BienMeSabe is a casual neighborhood place I wish I could be a regular at. Bring your non-vegan friends.

H8 (Oqaatsut, Greenland)

I’ve already written about H8, but I’ve since learned where the restaurant’s name came from and why it’s painted in enormous, high-contrast lettering on the roof. See my updated post for deets!

Dam Neck Galley at the Dunes (Virginia Beach, VA)

Just kidding. This restaurant is not so great.

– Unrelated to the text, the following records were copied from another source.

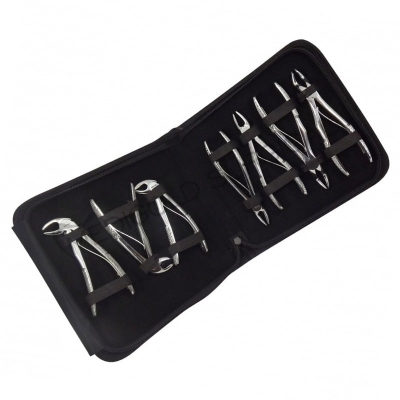 Pediatric extraction forceps kit of 7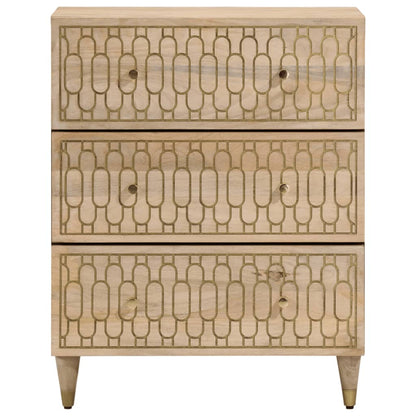 Credenza 60x33x75 cm in Legno Massello di Mango - homemem39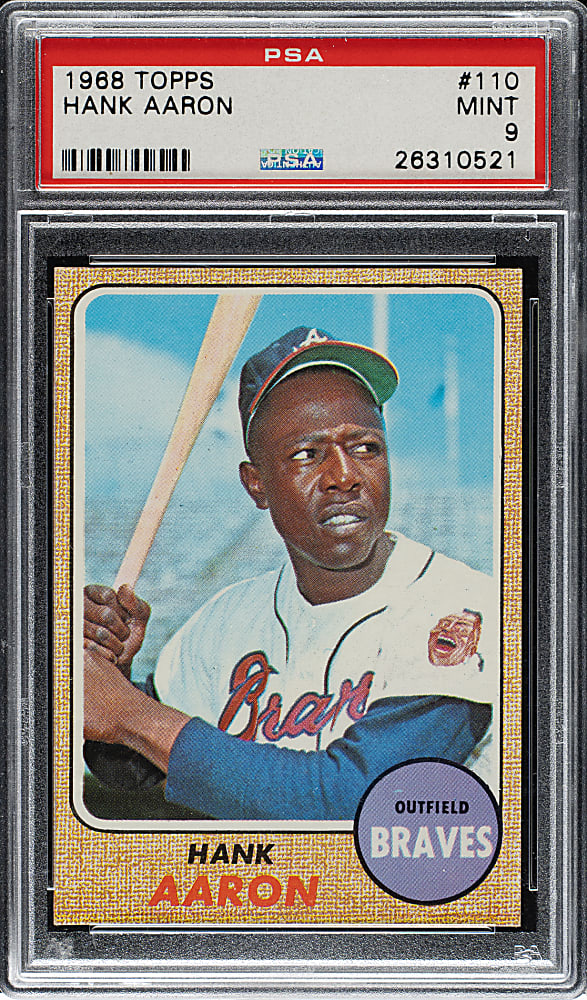 1968 Topps #110 Hank Aaron PSA MINT 9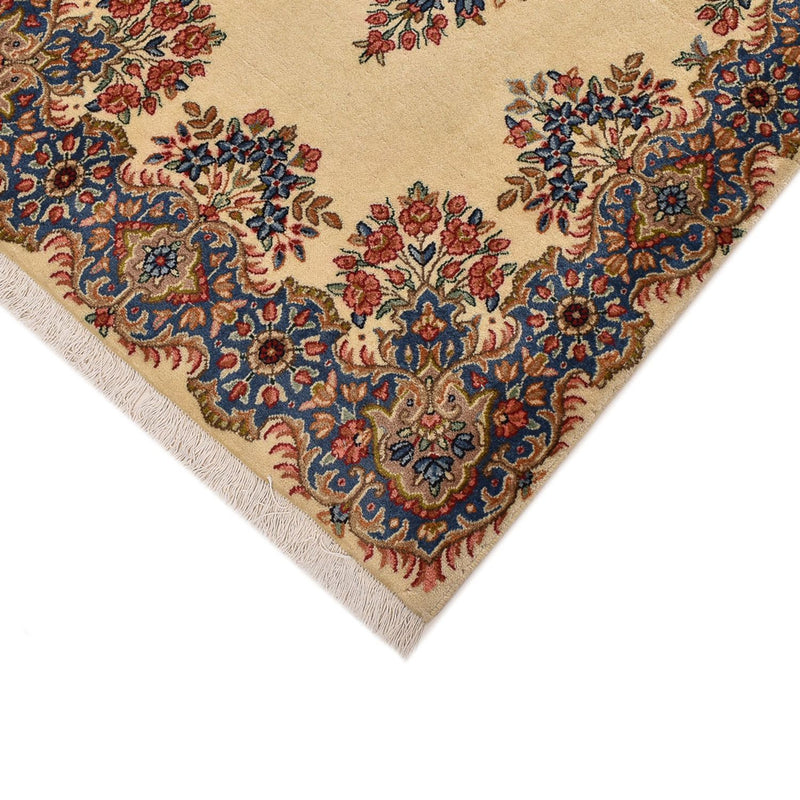 Alfombra de pasillo Alfombra persa - Real - 405 x 85 cm - crema
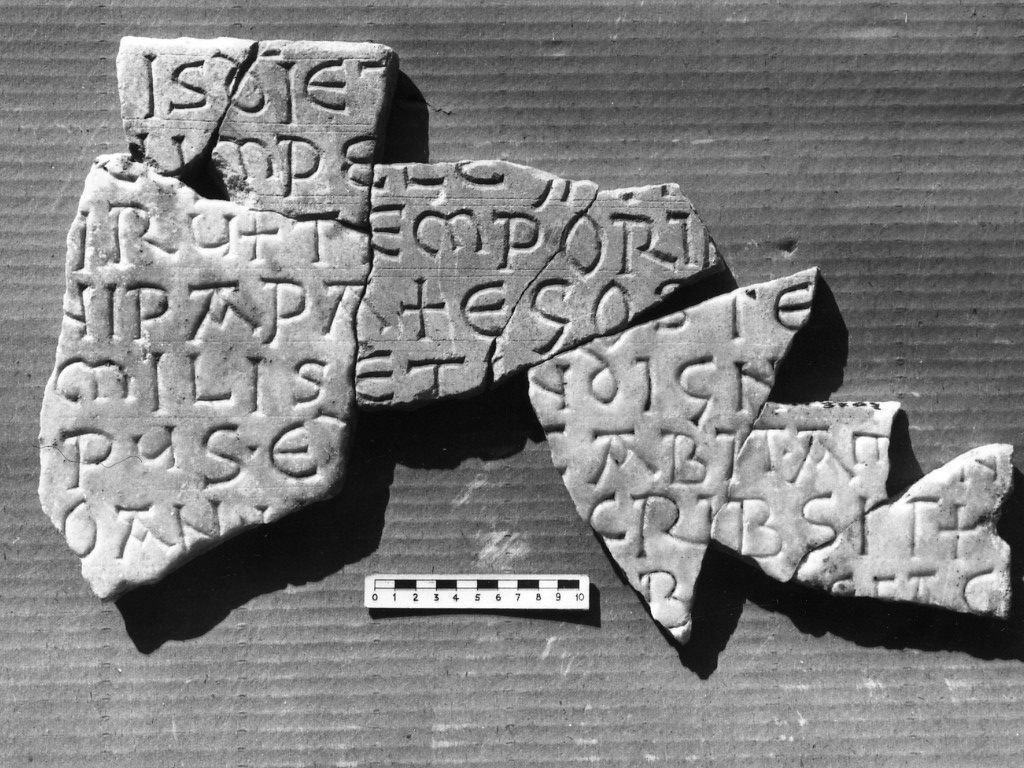 lastra iscritta (secc. VIII d.C.-IX d.C)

The Department of Defense puts a lot of engineering work into combat rations. MREs are shelf-stable for three years; you reheat their entree by adding water to start a chemical reaction in a pouch. For pilots who fly U-2 spy plane missions while wearing pressure suits, the Combat Feeding Directorate makes tubes of food—caffeinated apple pie, truffle mac and cheese—to squeeze via a straw through a hole in the suit’s helmet.

The DoD’s finest work is not at Dam Neck Galley at the Dunes. A cafeteria on a Virginia Beach naval base best known for being the home of SEAL Team Six, the galley serves pretty mediocre food.

Let’s start with what counts as the good: The baked chicken (not pictured) was somewhat moist. The mashed potatoes were only the second-worst I’ve had all year.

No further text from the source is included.